My dealer, who also happens to be a male stripper, just invited me to watch him perform tonight. Boundaries buddy, boundaries.
he stopped making out with me and said "can I make you grilled cheese? I feel like I owe YOU something"
your goal of the night was to unlock your iPhone with your nipple. You're going places.
I kept pulling the $1 bills off the stage and told everyone "no no no she has to work for this money"
coming out of a blackout being surrounded by Disney police was not as awesome as it sounds.
HE HAS A FUCKING TWIN. HE HAS A TWIN. I'M NOT DRUNK THERE IS TWO OF THEM.
Just woke up bloody and clutching a rear view mirror I'm pretty sure is from my car. For those of you keeping score at home this is why I stopped drinking four loko.
He crawled over to me grabbed my boob asked me if I liked cats and then passed out. If that's really my RA, it's gonna be a long year
This is why Helen Keller didn't drink
I'm instituting a new rule.
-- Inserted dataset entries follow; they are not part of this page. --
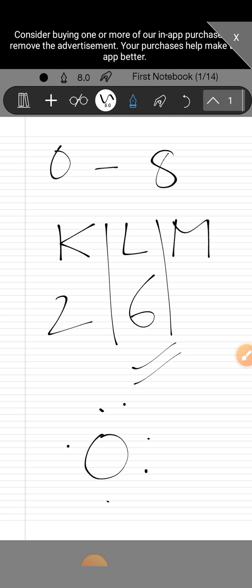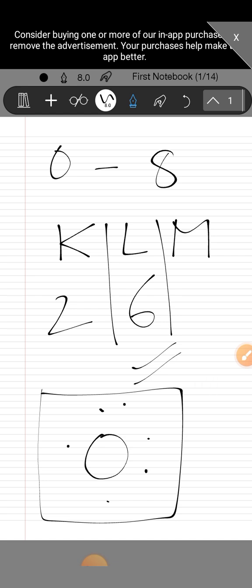Okay, so this means that there are six valence electrons and this is the representation of electron dot structure of oxygen. Thank you so much.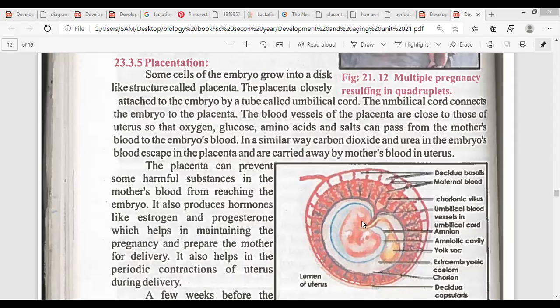The placenta is formed during pregnancy. It is partially the maternal contribution and partially the contribution of the fetus. The placenta is the organ that provides nutrients and oxygen to the embryo and helps to dispose of its metabolic waste. The embryo's side is the chorion, and the mother's side is the endometrial blood vessels. The structure of placenta consists of tissues from the fetal part and maternal part.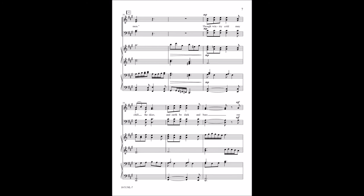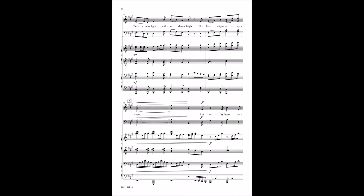The wintery cold, we chill the skies under the dark and bare. Our Christmas light within shines bright, His love rings everywhere.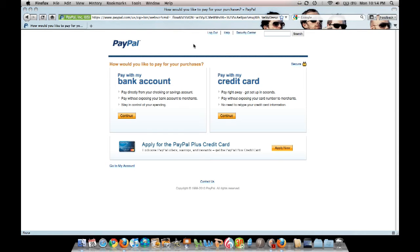Once you've created your account information and clicked on 'Create My Account,' this should be the next page that shows up. You will have two forms of payment through PayPal: one through your bank account, or one through a credit card.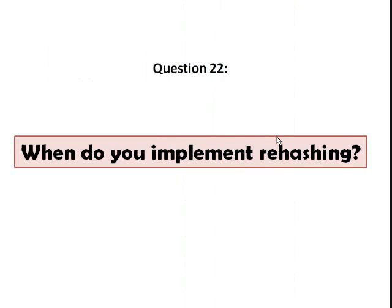Number 22. When do you implement rehashing? So we rehash only when the table is already half full, because that's the time when the insertion already fails, or when the table reaches a certain load factor.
If you wake me up at 3am about wrinkled blankets, I get to throat punch you
I'm at a gyno in Japan. Safe to say every possible rule of etiquette is about to be broken. Buckle up, motherfuckers.
somebody should make me the poster child for not drinking everclear..
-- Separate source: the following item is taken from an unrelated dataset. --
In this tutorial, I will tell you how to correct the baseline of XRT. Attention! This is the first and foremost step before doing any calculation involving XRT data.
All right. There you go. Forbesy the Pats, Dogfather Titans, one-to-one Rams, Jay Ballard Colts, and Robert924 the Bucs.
I think the only option is to smoke so much weed I just pass out for 3 days.
Is it weird to smoke a bong with a client from work?
Need ride home. Girls. Stolen keg. Rolling down streets. Horny girls. No condoms. Rescue needed. girls and beer in exchange for rescue and bacon?
I. Hate. You. Where are you, are said girls cute, and how did you know I bought bacon? And how does this always happen to you?